- **TASK REQUIREMENTS**
Return the records word for word. Pictures do not belong in the copy.

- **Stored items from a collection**

---

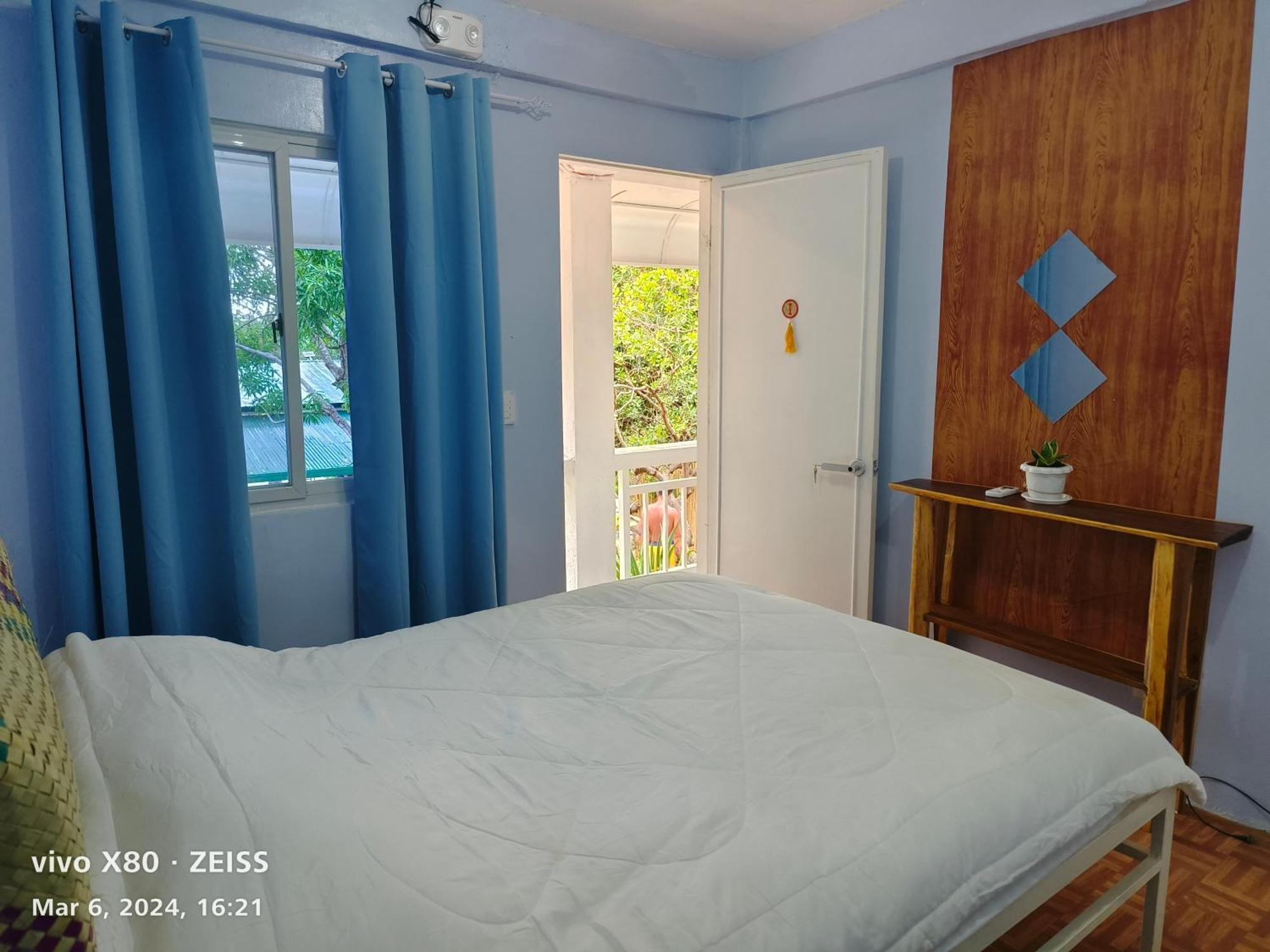 Ani Marie Guest House Coron Exteriér fotografie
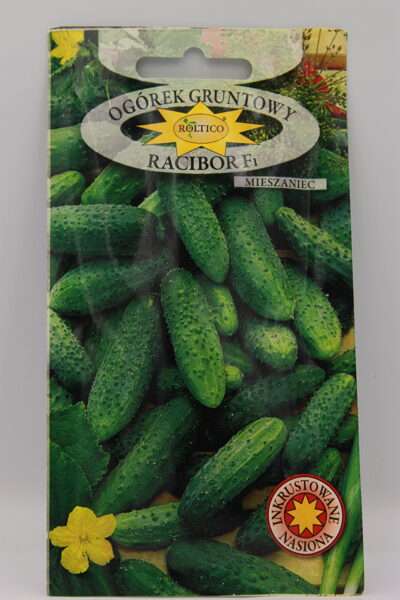 Gurķi Racibor F1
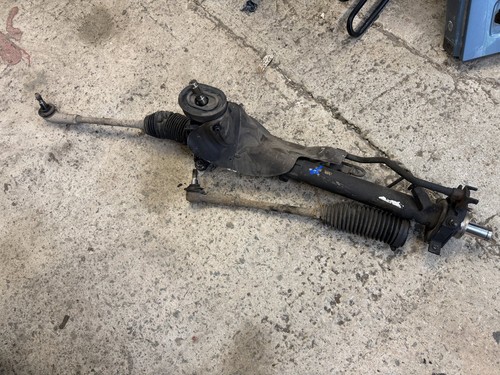 Audi mk1 power steering - power,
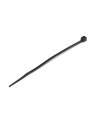 startech 1000 PACK 4 CABLE TIES -BLACK/NYLON ZIP TIE WRAPS UL TAA - nr 7
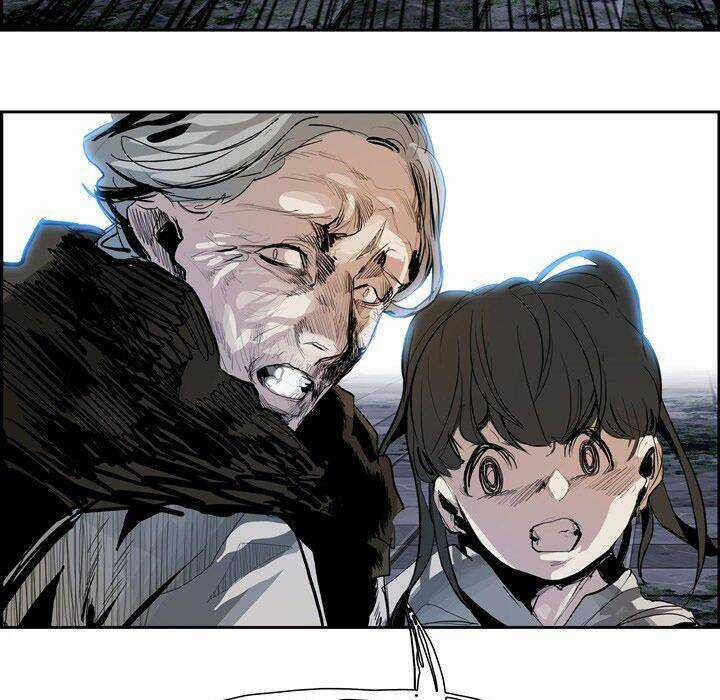 Warble Chapter 16 trang 12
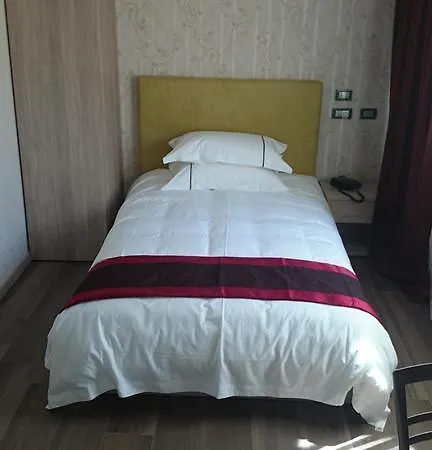 Igiban Ξενοδοχείο 3*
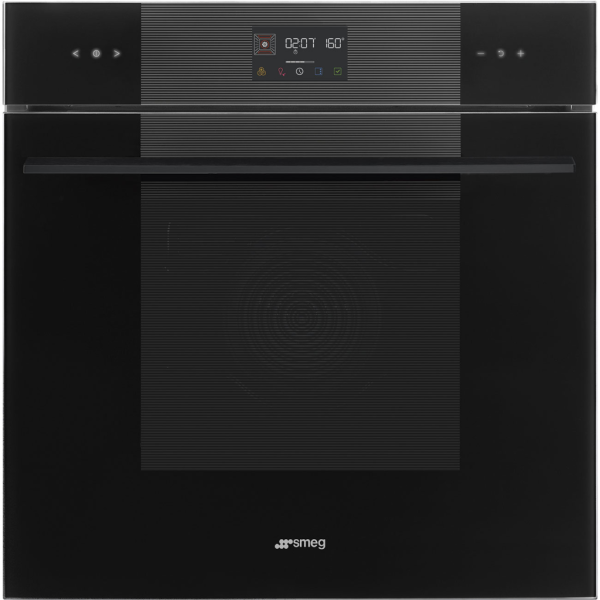 Встраиваемый электрическии духовой шкаф Smeg SO6102TB3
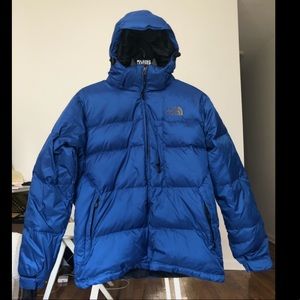 The North Face Jacket
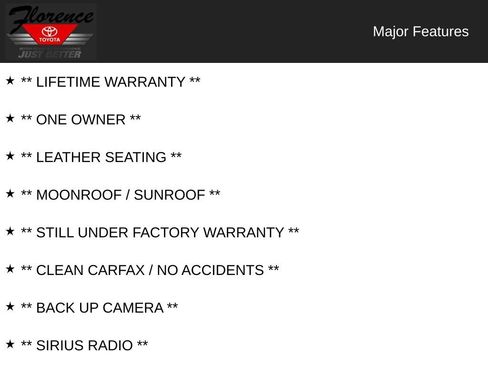Used 2025 Toyota Sienna XLE image 7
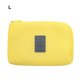 thumbnail image 5 of Bolsa de almacenamiento de cables Toystoory Organizador antichoque de viaje Amarillo L, 5 of 6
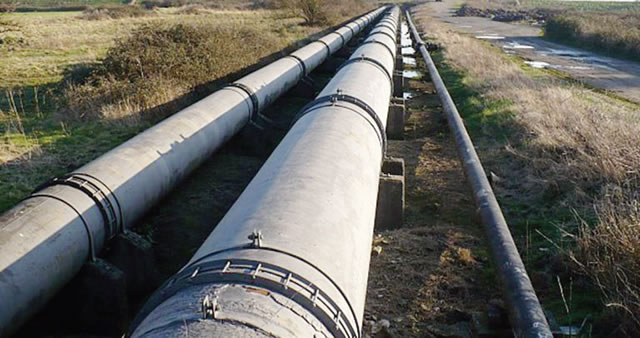 Transmission pipelines to dominate upcoming midstream project begins in US 2024-2028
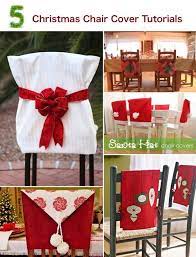 24 popular collection christmas chair cover ideas christmas chair covers christmas chair christmas diy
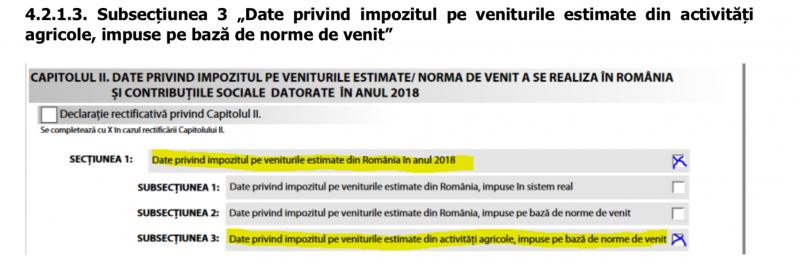 Tot ce trebuie sa stii despre Declarația unică - se depune pina pe 15 iulie!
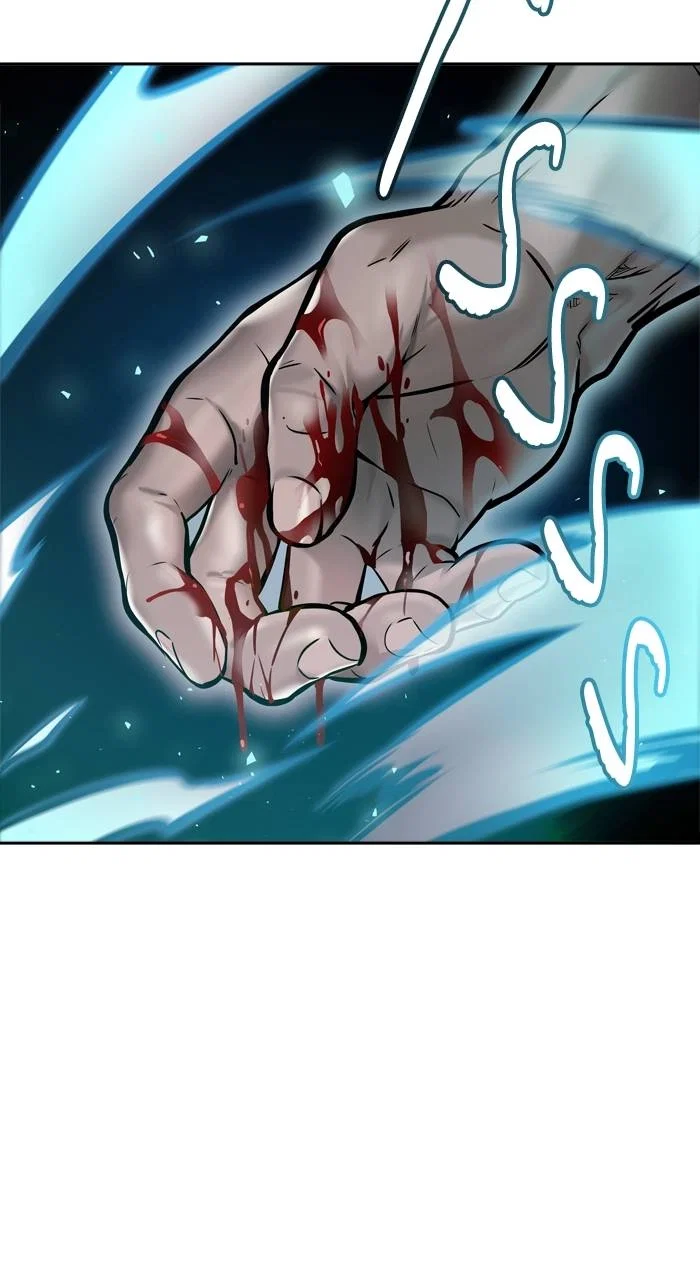 Tower of God Chapter 625 - Page 204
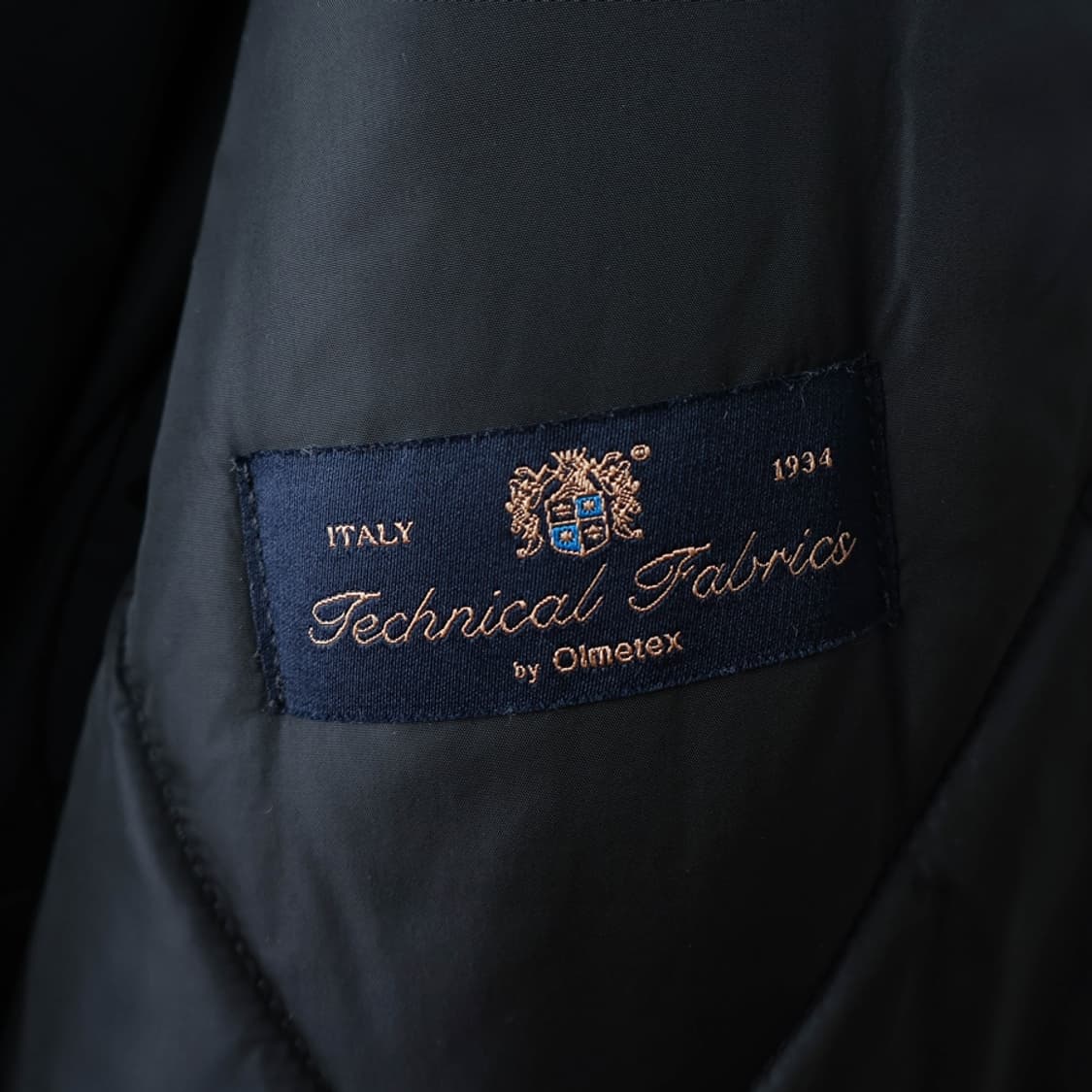 55/아스페시 디테처블 패딩 봄버 점퍼 상품이미지8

---

- **SOLUTION FOR THIS TASK**
 Ani Marie Guest House Coron Exteriér fotografie
 Gurķi Racibor F1
 Audi mk1 power steering - power,
 startech 1000 PACK 4 CABLE TIES -BLACK/NYLON ZIP TIE WRAPS UL TAA - nr 7
 Warble Chapter 16 trang 12
 Igiban Ξενοδοχείο 3*
 Встраиваемый электрическии духовой шкаф Smeg SO6102TB3
 The North Face Jacket
Used 2025 Toyota Sienna XLE image 7
 thumbnail image 5 of Bolsa de almacenamiento de cables Toystoory Organizador antichoque de viaje Amarillo L, 5 of 6
 Transmission pipelines to dominate upcoming midstream project begins in US 2024-2028
 24 popular collection christmas chair cover ideas christmas chair covers christmas chair christmas diy
 Tot ce trebuie sa stii despre Declarația unică - se depune pina pe 15 iulie!
 Tower of God Chapter 625 - Page 204
 55/아스페시 디테처블 패딩 봄버 점퍼 상품이미지8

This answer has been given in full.